PROVIDENCE, R.I. (WPRI) — As thousands of Rhode Islanders continue to wait on their tax returns, a state lawmaker is proposing legislation that would force the state to pay added interest on late refunds.
Rep. Doreen Costa said she’s had several constituents waiting months for their tax refunds because of minor mistakes on their forms.
“It’s negligence on the Division of Taxation,” she said. “They should be calling these people and say, ‘come on down, let’s get this fixed so we can get your money to you,’ and they’re not doing that.”
Costa, R-North Kingstown, submitted her bill on Tuesday, saying she has two co-sponsors, Reps. Robert Nardolillo and Sherry Roberts. The proposal would require the state to pay interest at 12 percent per day to anyone who’s still waiting on their refund after June 30.
“Why should they charge you 18 percent for every time you’re late and you owe taxes, and you can’t do anything when it’s the other way around?” Costa asked. “It’s not right.”
The state of Rhode Island is currently required to pay interest at 3.25 percent for any returns that aren’t issued within 90 calendar days of the filing deadline, as long as they were filed on time. Since this year’s deadline was April 18, interest payments would begin in mid-July.
A spokesperson for Gov. Gina Raimondo said her office plans to review the legislation.
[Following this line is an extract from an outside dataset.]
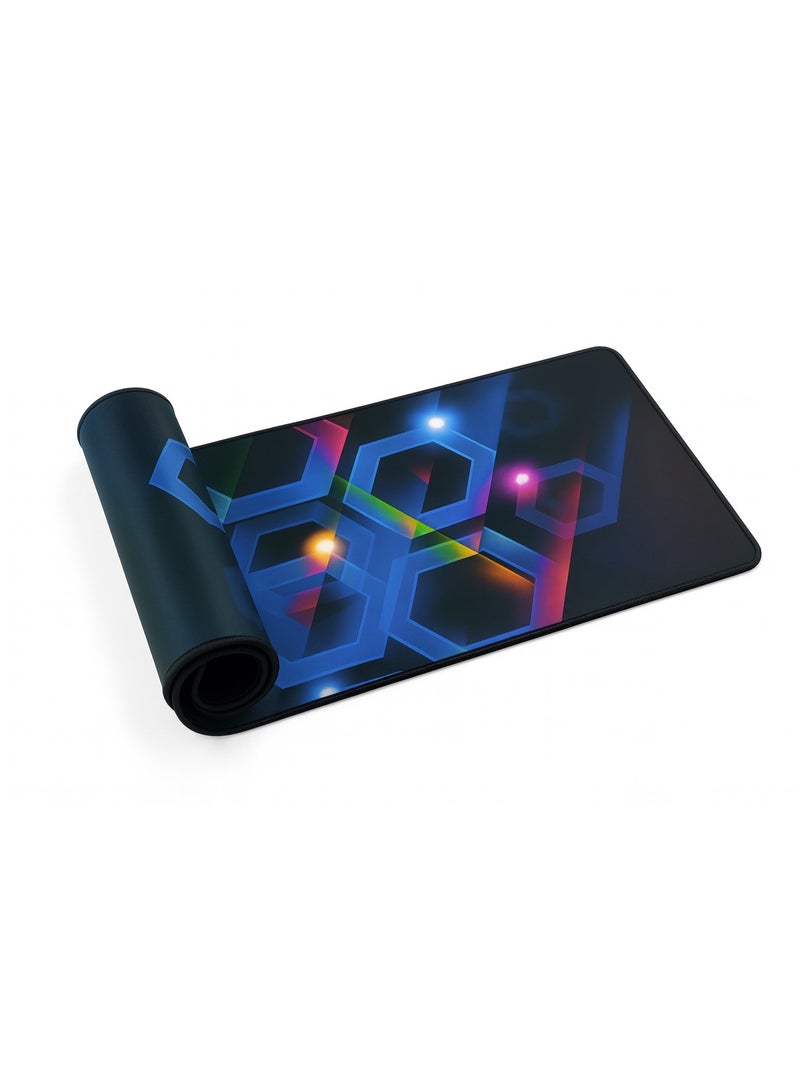 ماوس باد جيمينج RGB  بتصميم سداسي عصري قاعدة كبيرة الحجم سطح انسيابي مانع للانزلاق مناسب للالعاب والكمبيوتر - Image 2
“We’ve already identified more than 40,000 returns that have had mistakes or have multiple filings using the same SSN. Each one of these 40,000 returns needs to be individually reviewed. Unfortunately, getting it right and getting it done fast don’t always go together.”
Last week, the acting tax administrator said she expects all refunds to be issued by mid-July. Approximately 6,000 were issued in the past week alone, meaning the Division of Taxation has so far sent out about 90 percent of the refunds owed this tax season.
In a statement, a spokesperson for the agency said, “the Division is operating in the best interests of Rhode Islanders. It has allocated resources to expedite refunds while continuing to protect taxpayers from fraud and identity theft.”